Raw data:
------------------------------

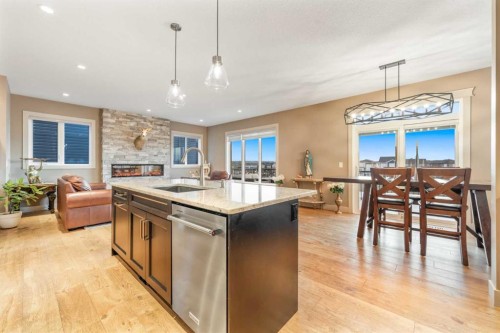 105 Carringvue Manor Nw, Calgary, AB - Indoor With Fireplace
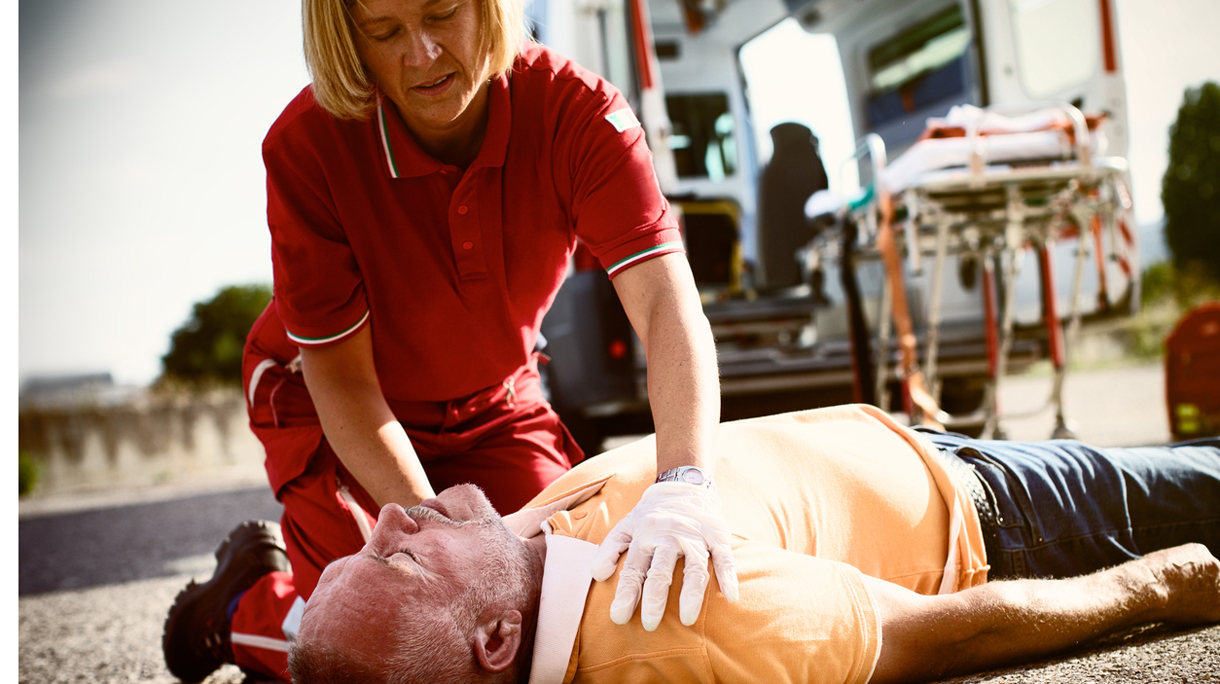Paramedics succor a man with heart attack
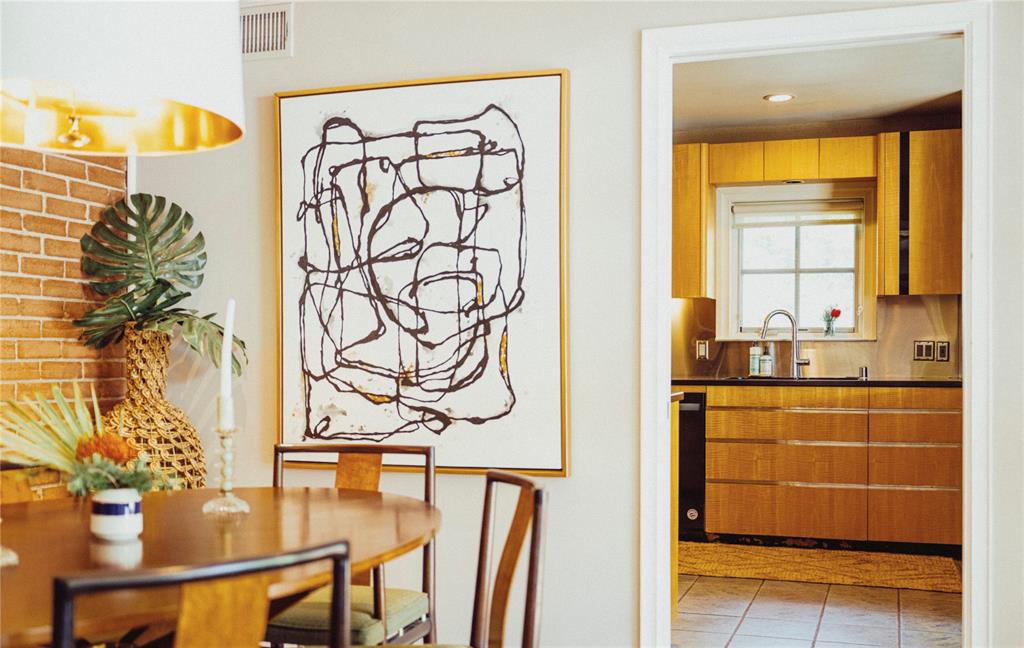 5301 West Mockingbird Lane Dallas, TX 75209 - Photo 17 of 35 a bathroom with a granite countertop sink a mirror and a shower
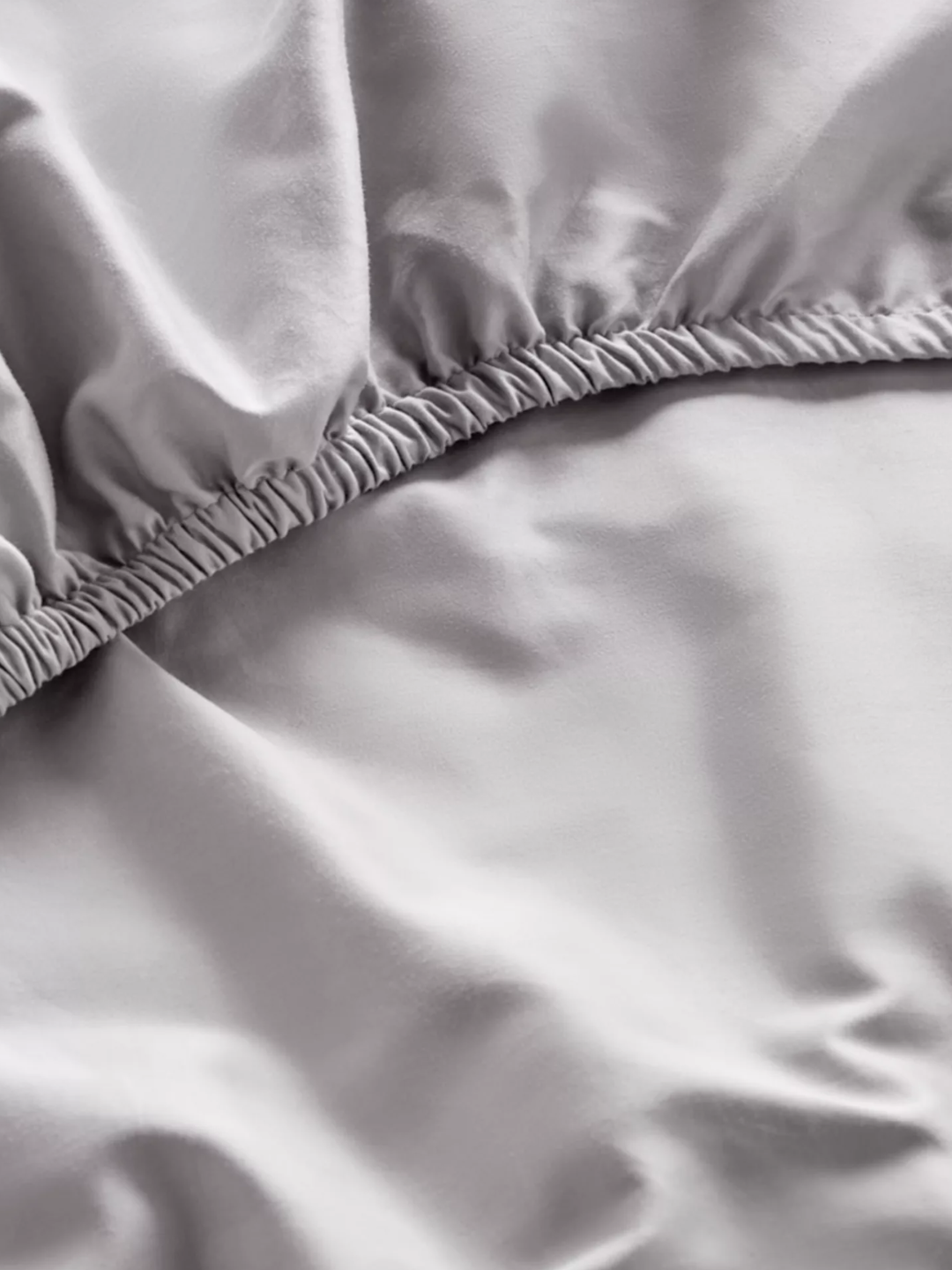 A blue sateen fitted sheet from Dip &amp;amp; Doze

------------------------------

The whole listing above needs to be copied exactly; please keep the pictures out.

Task result:
 105 Carringvue Manor Nw, Calgary, AB - Indoor With Fireplace
Paramedics succor a man with heart attack
 5301 West Mockingbird Lane Dallas, TX 75209 - Photo 17 of 35 a bathroom with a granite countertop sink a mirror and a shower
 A blue sateen fitted sheet from Dip &amp;amp; Doze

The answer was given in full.